Any comparison involving NULL evaluates to UNKNOWN, and standard SQL WHERE clauses filter out tuples where the predicate is not TRUE.
This creates a critical interaction: applying a filter on a NULL-extended attribute effectively converts an outer join back into an inner join.

Consider:

SELECT *
FROM R LEFT JOIN S ON R.a = S.b
WHERE S.c > 10

The WHERE clause references S.c.
For any NULL-extended tuple (where S's attributes are all NULL), the predicate S.c > 10 evaluates to UNKNOWN, so the tuple is discarded.
The result is identical to an inner join.
This phenomenon is called NULL rejection, and the predicate is called a null-rejecting (or strong) predicate with respect to the NULL-extended side.
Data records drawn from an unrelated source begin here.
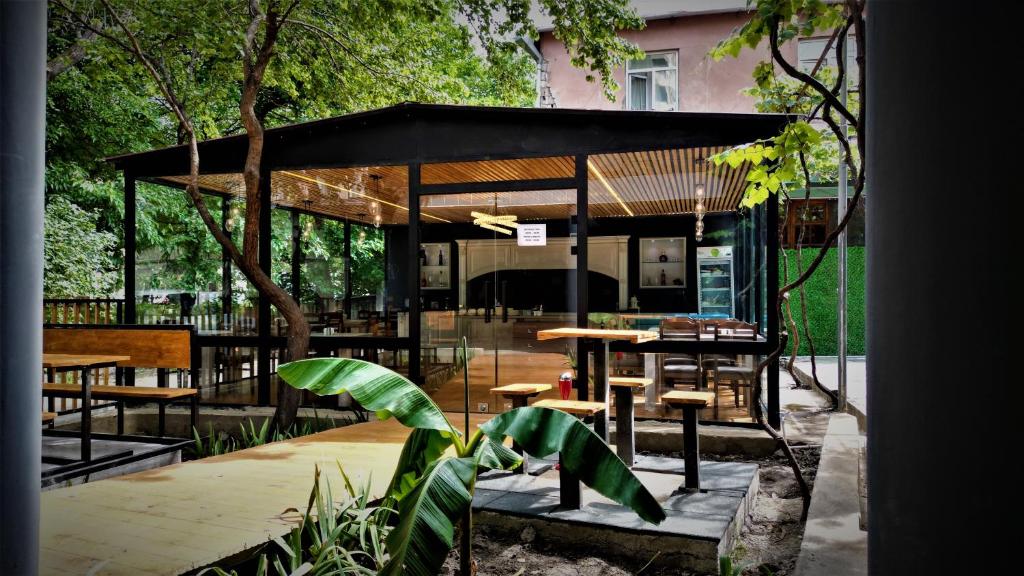 un pavillon avec une table, des chaises et des arbres dans l'établissement Hotel Salosi, à Tbilissi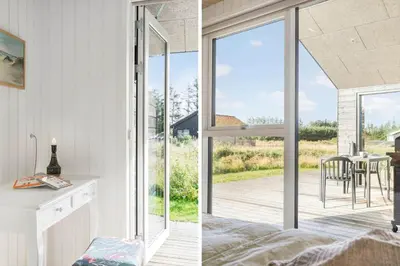 a room with sliding glass doors and a kitchen with a table at BL1445-Saltum-Laustvej-7 in Saltum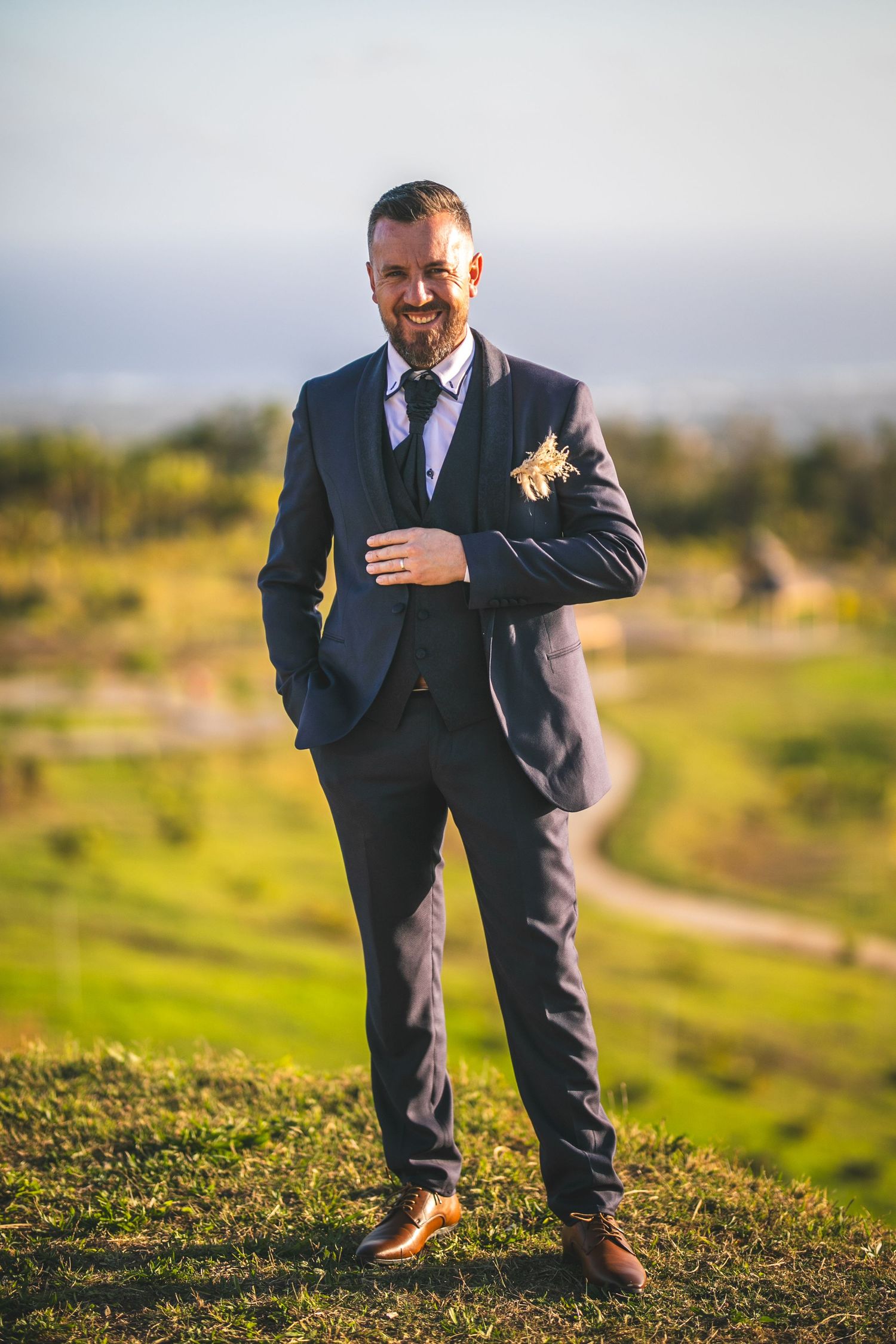 Groom in navy suit with boutonniere smiles confidently on hillside during outdoor wedding photoshoot.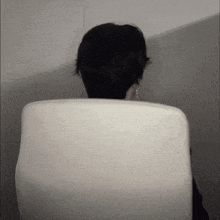 a person sitting in a white chair with their head behind the back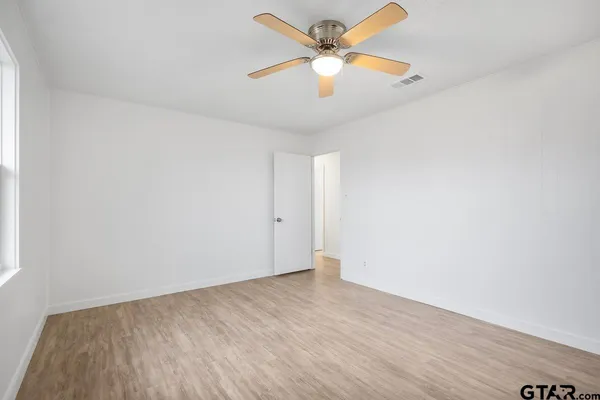 an empty room with wooden floor and fan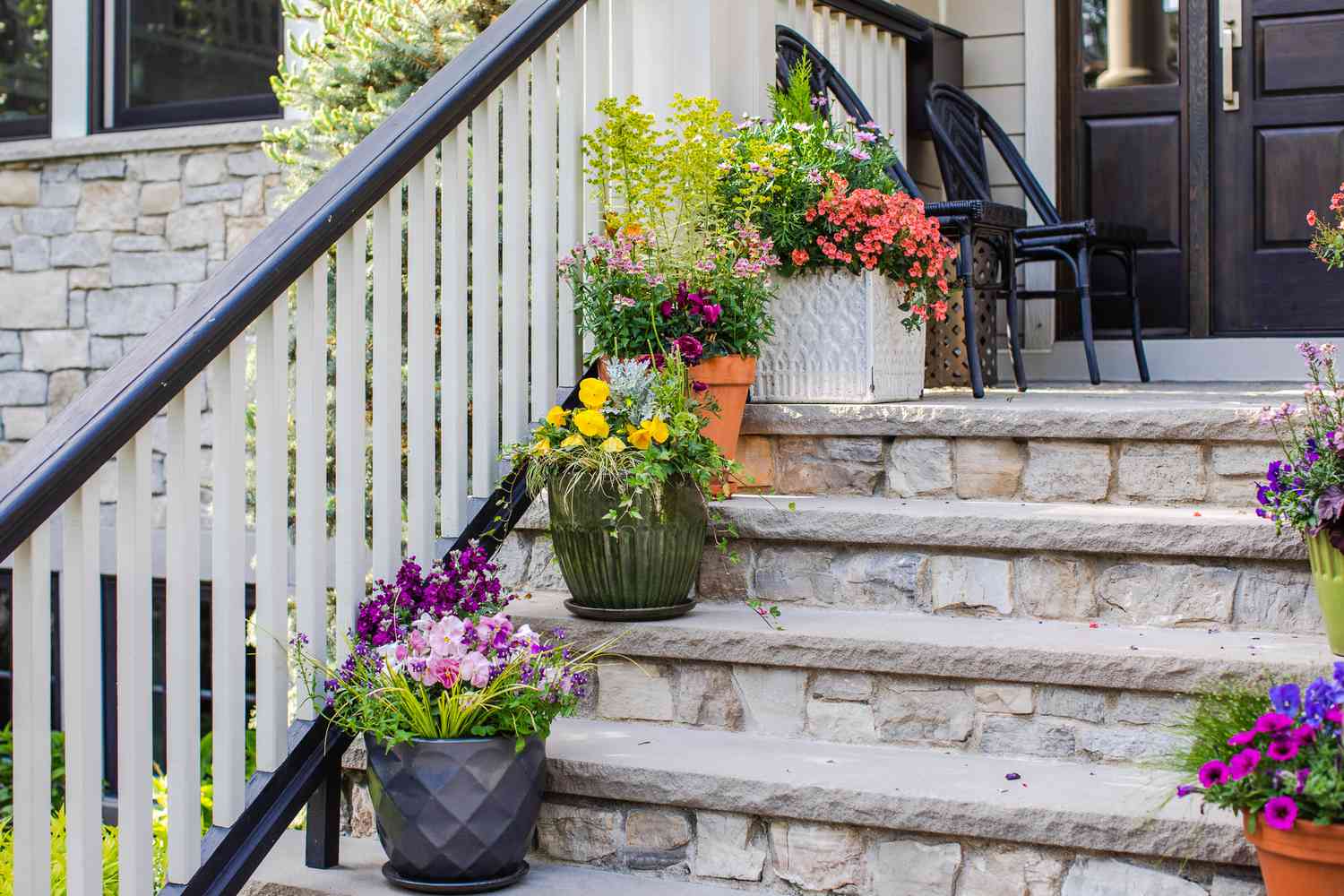 Topfpflanzen und bunte Blumen auf den Steinstufen vor der Haustür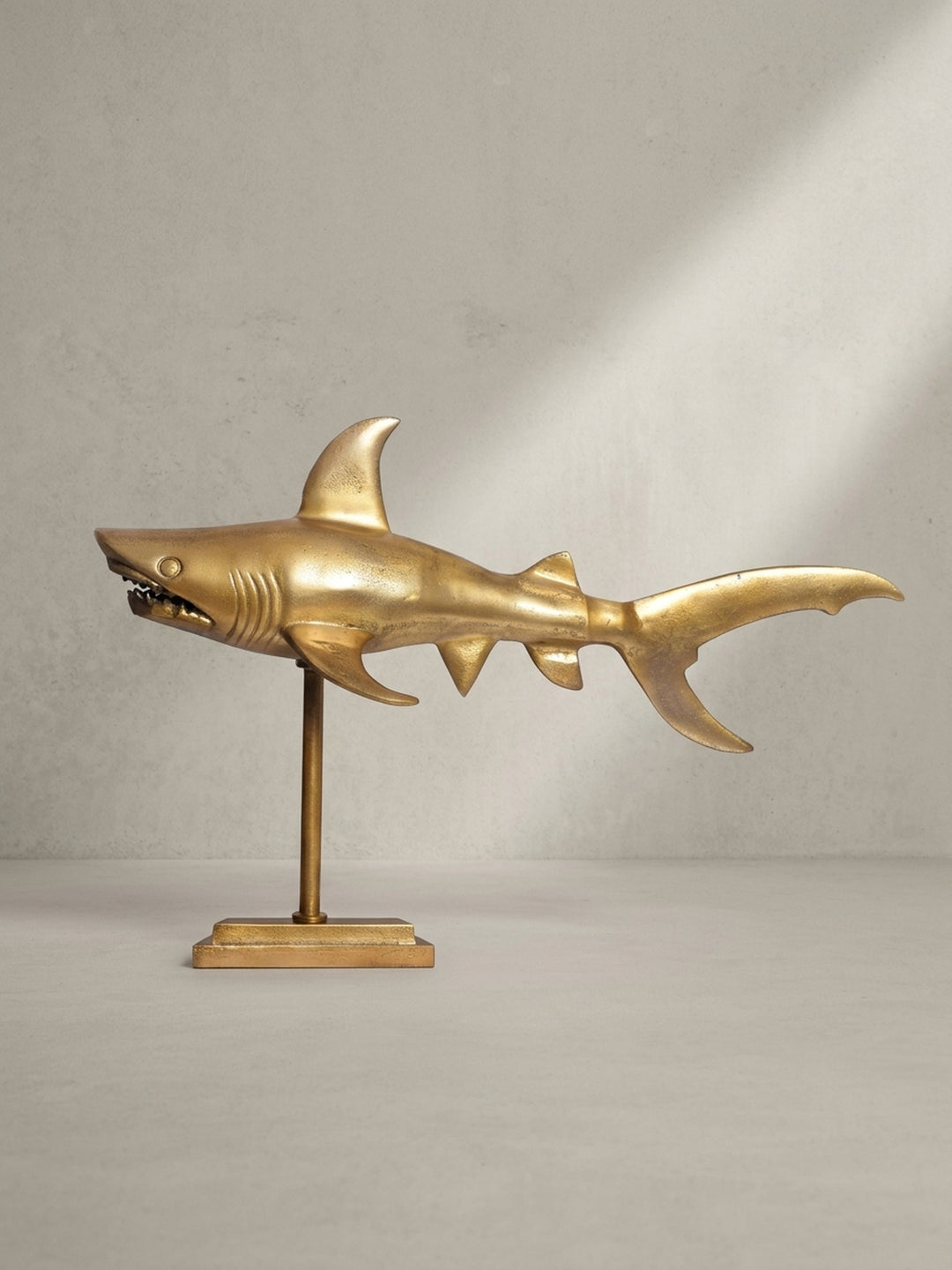 Dreiviertelansicht der Design-Dekofigur Hai aus mattgoldenem Aluminium, die die detaillierte Ausarbeitung der Flossen und des Kopfes hervorhebt._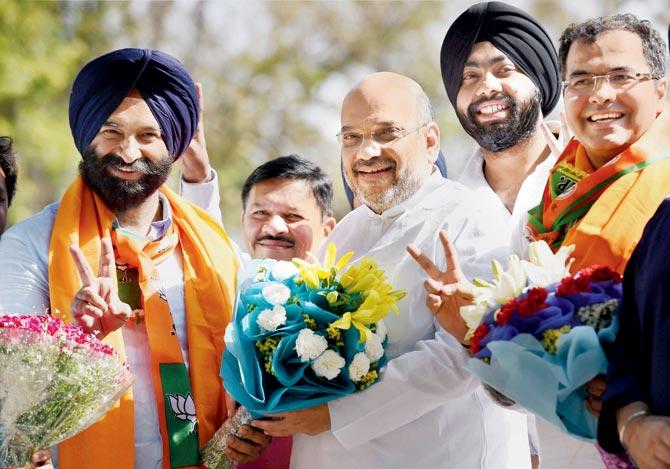 BJP President Amit Shah greets BJP-Shiromani Akali Dal (SAD) joint candidate Manjinder Singh Sirsa after his victory in the Rajouri Garden bypoll. Pic/PTI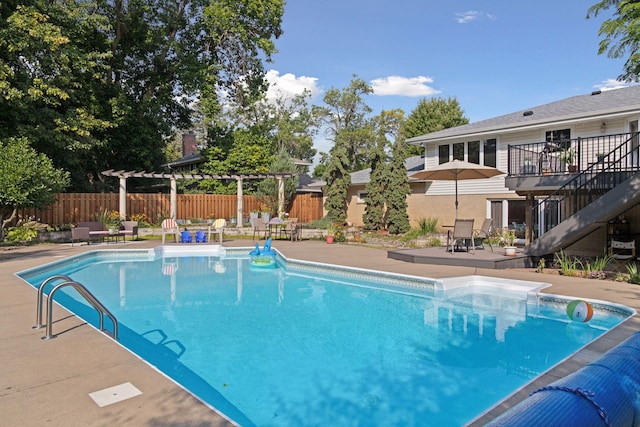 view of swimming pool featuring stairs, a fenced in pool, a patio area, and fence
Formally, a predicate p is null-rejecting on a set of attributes A if, whenever every attribute in A is NULL, p evaluates to FALSE or UNKNOWN.
Recognizing null-rejecting predicates is one of the most important optimizations in outer join processing, because it allows the optimizer to simplify outer joins to inner joins, which have far more reordering freedom.

Associativity and Commutativity Challenges

Inner joins are both commutative and associative, which gives the optimizer freedom to reorder joins in any sequence.
Outer joins are not, in general, commutative or associative.
This severely restricts the search space for join enumeration.

Consider left outer join associativity.
The expression (R ⟕ S) ⟕ T is not, in general, equivalent to R ⟕ (S ⟕ T).
The reason is that the NULL extension in the first expression pads S-attributes with NULL when an R-tuple has no match.
If those NULLs then fail the join with T, T-attributes are also padded with NULL.
In the second expression, the inner left join S ⟕ T happens first, and R then joins with the already-padded result, producing a different set of NULL-extended tuples.

Galindo-Legaria and Rosenthal (1997) developed a comprehensive framework for identifying legal reorderings of outer joins.
Their approach introduces the concept of an eligibility list and conflict-based rules, tracking which relations are preserved and which are null-extended, to determine when two join operators can be swapped without changing the result.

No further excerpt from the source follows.